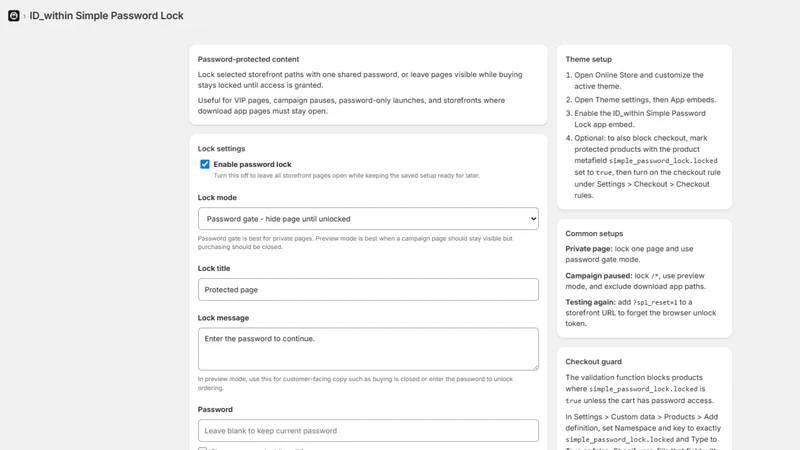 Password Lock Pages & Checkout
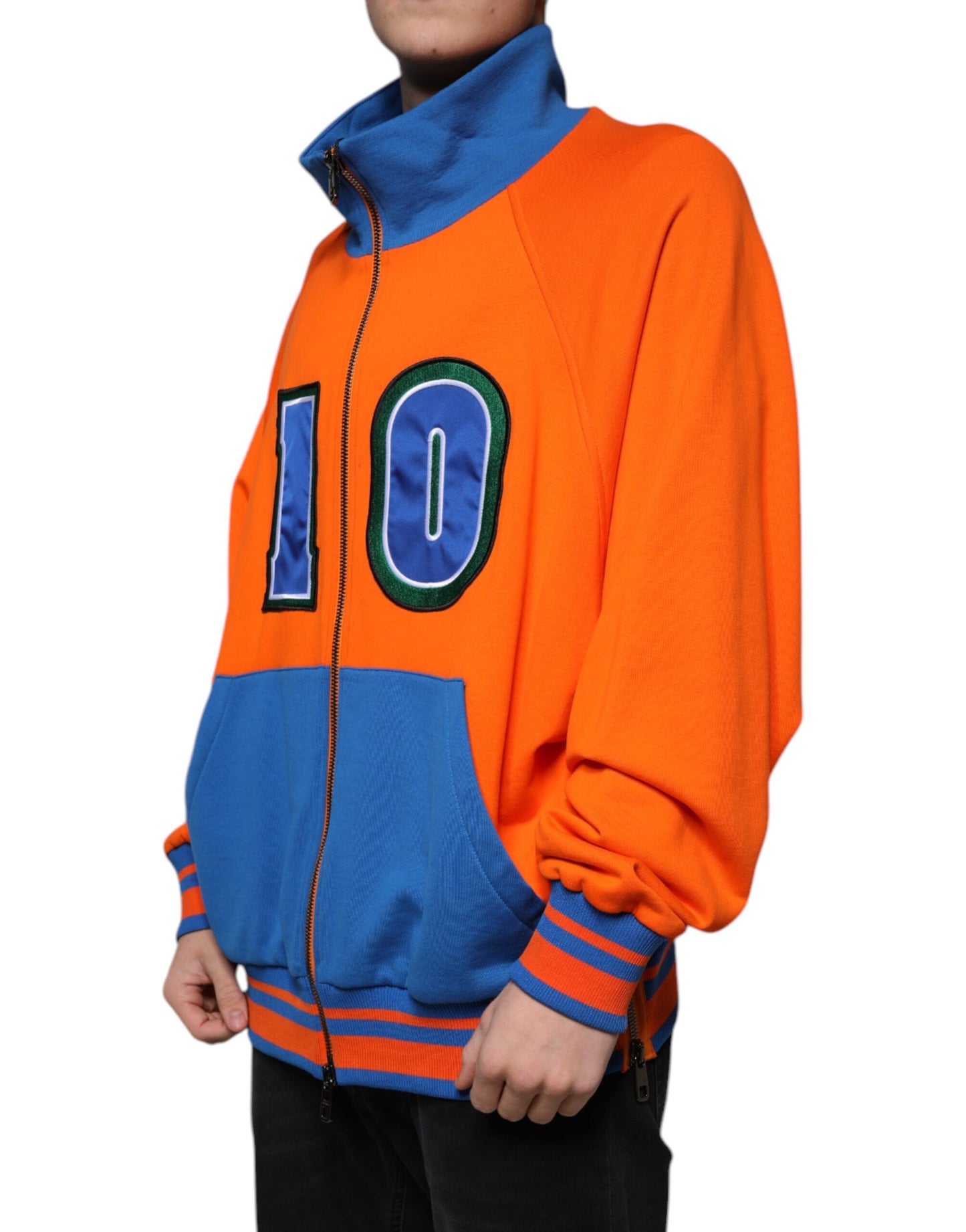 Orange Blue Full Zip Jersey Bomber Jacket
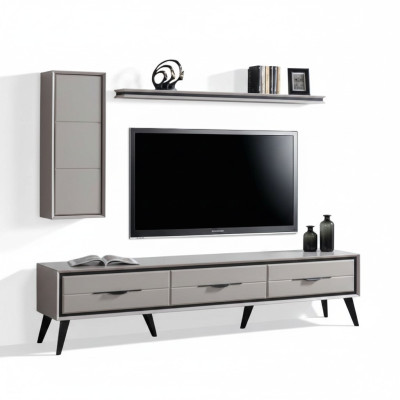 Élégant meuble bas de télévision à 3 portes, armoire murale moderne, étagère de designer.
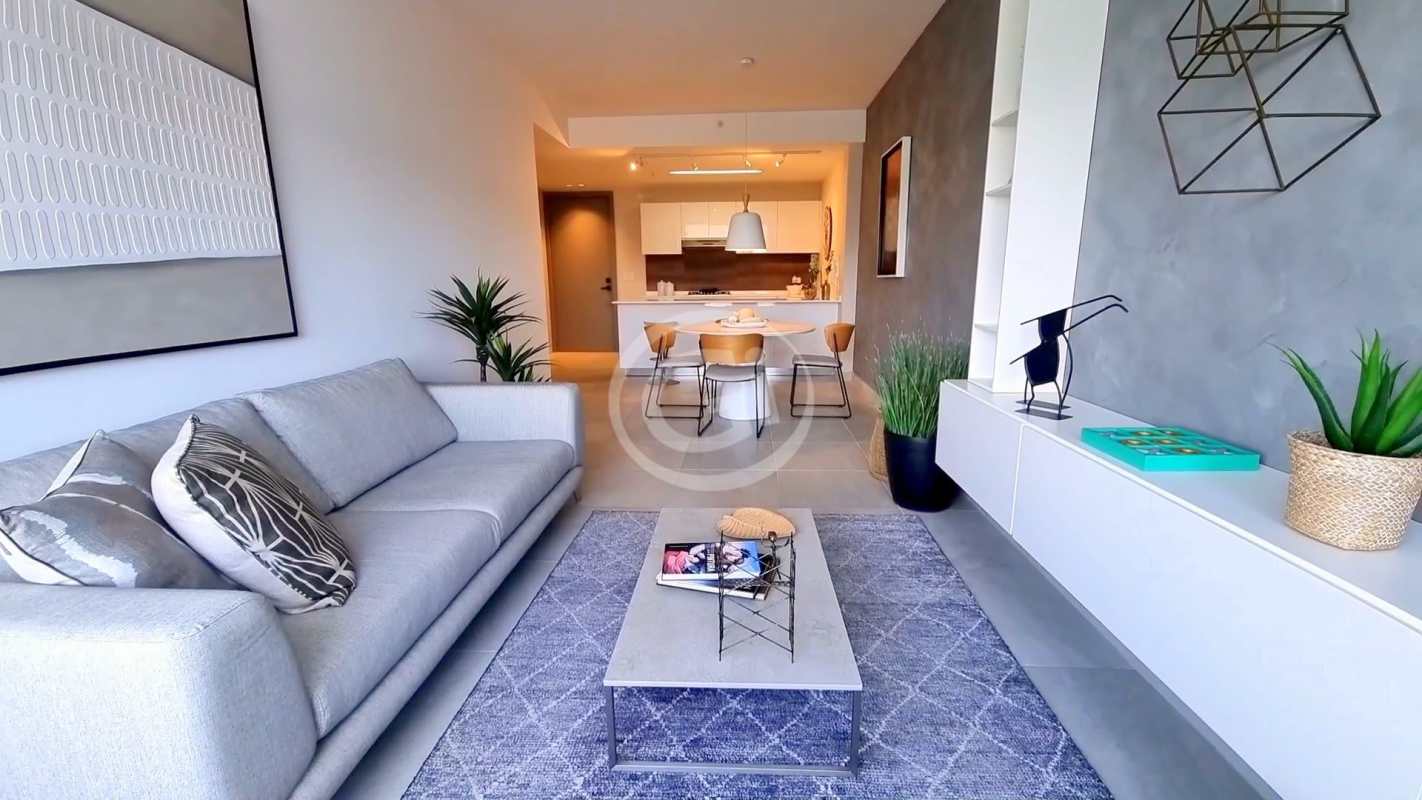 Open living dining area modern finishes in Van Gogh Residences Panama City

====================

Starting at the line with "Orange Blue Full Zip Jersey Bomber Jacket", output each line through the final one of the listing above, and nothing else. Pictures are to be left out.

 Orange Blue Full Zip Jersey Bomber Jacket
 Élégant meuble bas de télévision à 3 portes, armoire murale moderne, étagère de designer.
 Open living dining area modern finishes in Van Gogh Residences Panama City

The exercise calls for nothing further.